Juneau welcomes North Pacific Fishery Management Council 060513 NEWS 1 Capital City Weekly You might not notice much fanfare, but today, Wednesday the 5th, is a big day for Juneau. It is the opening day of the 214th plenary session of the North Pacific Fishery Management Council - meeting in Juneau for the first time in more than 20 years. As Regional Administrator for NOAA's National Marine Fisheries Service Alaska Region, and on behalf of the City and Borough of Juneau, I'd like to welcome the Council and meeting attendees to Southeast Alaska.
Wednesday, June 05, 2013

Story last updated at 6/5/2013 - 2:09 pm

Juneau welcomes North Pacific Fishery Management Council

You might not notice much fanfare, but today, Wednesday the 5th, is a big day for Juneau. It is the opening day of the 214th plenary session of the North Pacific Fishery Management Council - meeting in Juneau for the first time in more than 20 years. As Regional Administrator for NOAA's National Marine Fisheries Service Alaska Region, and on behalf of the City and Borough of Juneau, I'd like to welcome the Council and meeting attendees to Southeast Alaska.

Alaska's federally-managed fisheries are known worldwide as being among the most sustainable and valuable fisheries on the planet-worth billions to the U.S. economy and an important component of Alaska's seafood industry, the largest private sector employer in the State. In fact, about 60 percent of all seafood caught in U.S. waters comes from Alaska.

The NPFMC plays a lead role in the sustainable management of Alaska's billion-dollar fisheries. It is one of eight regional fishery management councils established when Congress passed the Magnuson-Stevens Fishery Conservation and Management Act, originally enacted in 1976. Alaska's very own Senator Ted Stevens was one of the co-authors of this act. The Magnuson-Stevens Act established the U.S. Exclusive Economic Zone from 3-200 nautical miles offshore. This law, reauthorized twice and currently undergoing reauthorization hearings in Congress, is essentially our country's roadmap to sustainable management of our nation's fisheries. It directs NOAA Fisheries and the Councils to work together to get the most out of our fisheries for food and economic well-being, while conserving ecosystem health and fish stocks for continued productivity to benefit future generations of fishing families and coastal communities.

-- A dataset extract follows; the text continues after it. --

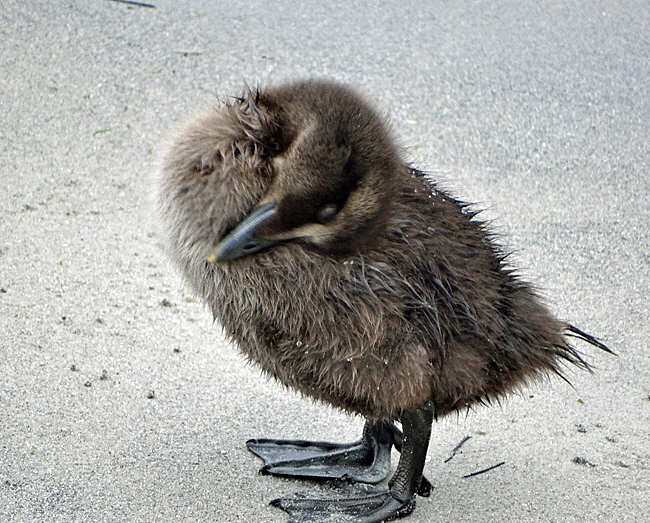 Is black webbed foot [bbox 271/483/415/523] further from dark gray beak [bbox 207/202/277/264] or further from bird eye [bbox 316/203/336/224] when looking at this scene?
bird eye [bbox 316/203/336/224]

Anyone involved in fisheries can attest to how complicated fisheries management can be. Here is a simple explanation of how NOAA Fisheries Alaska Region, part of the Department of Commerce, works. NOAA scientists at the Alaska Fisheries Science Center - working with State and academic partners - do the science, which supports Alaska's fisheries management decisions. They conduct surveys aboard research vessels to gather information needed to determine stock assessments for fish species in Alaska waters. Our scientists also monitor populations of marine mammals and study other marine life, such as phytoplankton - all-important ingredients in a healthy, biodiverse ecosystem.

This scientific information is then provided to the NPFMC. The Council, along with its scientific and advisory committees, is made up of all the key stakeholders in Alaska's fisheries - folks from Oregon, Washington, and Alaska; from environmental groups, Alaska Native entities, recreational and commercial fishing interests, NOAA Fisheries and other federal agencies, and one of our most important partners, the State of Alaska. We all work together to develop alternatives for the best management of Alaska's fisheries. Members of the public are encouraged to provide input into the fishery management process through comments and public testimony at Council meetings. The Council considers a wide range of factors - from health of fishery stocks to economic impacts of fishery practices - when making decisions on research priorities, management, and regulations.

NOAA Fisheries Alaska Regional Office then works to implement those decisions.

This fishery management council process set up through the Magnuson-Stevens Act is unique in the federal government as an advisory mechanism that brings all stakeholders to the table to roll-up their sleeves and participate in the fishery management decisions. Sometimes we hit some rough seas and rarely is it smooth sailing, but the bottom line is...it works, and it is a process we constantly strive to improve.

I invite you to stop by Centennial Hall in Juneau this week to see first-hand your fishery management process at work. We'll also be tweeting from the Council meeting. You can follow us on Twitter @NOAAFisheriesAK.

Here are some important links you can visit to find out more about what we do and why:

Alaska Fisheries Science Center: http://www.afsc.noaa.gov/

North Pacific Fishery Management Council: http://alaskafisheries.noaa.gov/npfmc/

NOAA's National Marine Fisheries Service Alaska Region: http://alaskafisheries.noaa.gov/

We hope that the next time you sit down to a plate of U.S.-caught, sustainably managed wild seafood (hopefully from Alaska's fisheries), you'll think of us and all the science and teamwork that has gone into bringing that seafood to your table.

Dr. James Balsiger is the Regional Administrator for the Alaska Region of NOAA Fisheries. He lives and works in Juneau.